The biggest reason the recent EMV transition took place is that credit card fraud was significant nationwide, both in stores and online. And while there are ways to combat bogus e-commerce "card-not-present" purchases, the most concrete way for payment processing companies to deal with total credit card fraud was to introduce the liability shift toward chip-and-pin transactions. Meanwhile, CNP fraud continues, and has only increased since the liability shift because it became harder to commit in-person fraud.
Card-not-present fraud is prevalent in many parts of the U.S., but some states are more fertile ground from criminals than others, according to new data from Sift Science based on more than 1.3 million transactions. In Alaska, for example, more than 23 percent of all credit card transactions were tagged as being fraudulent, ahead of second-place Delaware, where fewer than 1 in 5 fell into that category. Mississippi (17.4 percent), Louisiana (16.5 percent), and Nevada (15.9 percent) rounded out the top five.
A look at the causes
On a state-by-state basis, there may be good reasons why fraud is so common, the report said. For instance, Alaska does not categorize a fraudulent purchase as theft unless its value exceeds $750. As many as 400 cases of this type of fraud are reported every month in the Last Frontier State.

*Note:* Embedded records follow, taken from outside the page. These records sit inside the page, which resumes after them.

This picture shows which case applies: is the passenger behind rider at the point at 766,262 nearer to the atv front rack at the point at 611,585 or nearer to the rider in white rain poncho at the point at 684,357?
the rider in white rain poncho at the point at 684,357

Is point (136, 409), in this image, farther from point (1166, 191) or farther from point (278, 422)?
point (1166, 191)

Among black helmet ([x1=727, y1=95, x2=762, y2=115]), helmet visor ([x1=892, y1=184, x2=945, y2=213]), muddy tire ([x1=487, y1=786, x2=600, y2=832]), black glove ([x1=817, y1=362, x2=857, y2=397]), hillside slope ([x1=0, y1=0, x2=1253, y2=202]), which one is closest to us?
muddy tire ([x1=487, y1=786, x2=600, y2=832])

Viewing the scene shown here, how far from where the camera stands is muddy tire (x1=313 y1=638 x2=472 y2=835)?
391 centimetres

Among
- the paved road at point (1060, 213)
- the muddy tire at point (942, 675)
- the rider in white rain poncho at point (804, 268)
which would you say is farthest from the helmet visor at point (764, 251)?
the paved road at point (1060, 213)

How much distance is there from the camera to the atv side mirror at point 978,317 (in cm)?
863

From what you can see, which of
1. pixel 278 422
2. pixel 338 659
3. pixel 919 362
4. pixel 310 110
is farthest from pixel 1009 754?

Meanwhile, the state where fraudulent online purchases are actually shipped is not Alaska, which actually ranked 49th in this regard, but rather Delaware, the report said. In all, 27.9 percent of the examined purchases shipped there may have been fraudulent, just ahead of second-place Florida (26.8 percent). Georgia, Nevada, and West Virginia were also in the top five, all above 23.7 percent.
How much of a problem is it?
Clearly, online merchants suffer a lot of fraud, but across both e-commerce and brick-and-mortar channels, the problem is even more significant, according to new data from The Nilson Report. The total fraud losses seen last year amounted to $21.84 billion out of a total $31.31 trillion in purchases. This means that nearly 7 cents of every $100 spent on a credit or debit card over the course of 2015 was fraudulent.
And more worrying, the percentage of total global fraud experienced by merchants just in the U.S. is significantly outsized, the report said. While less than 23 percent of all purchases worldwide were made within the U.S., the nation accounted for nearly 39 percent of all fraud losses. This is, in part, what the EMV liability shift was meant to address in the first place.
"The industry's best defense against counterfeit fraud are EMV cards and the terminals needed to read their chips," said David Robertson, publisher of The Nilson Report. "EMV has been steadily penetrating dozens of countries, but in the U.S. where issuers poured EMV cards into the market, merchants lagged in deploying terminals."
For this reason, e-commerce and real-world merchants need to do more to fight fraud in general. For instance, those smaller businesses that have yet to adopt EMV-capable point-of-sale devices might need to take that step in the near future to better protect themselves, their customers, and the payments ecosystem overall.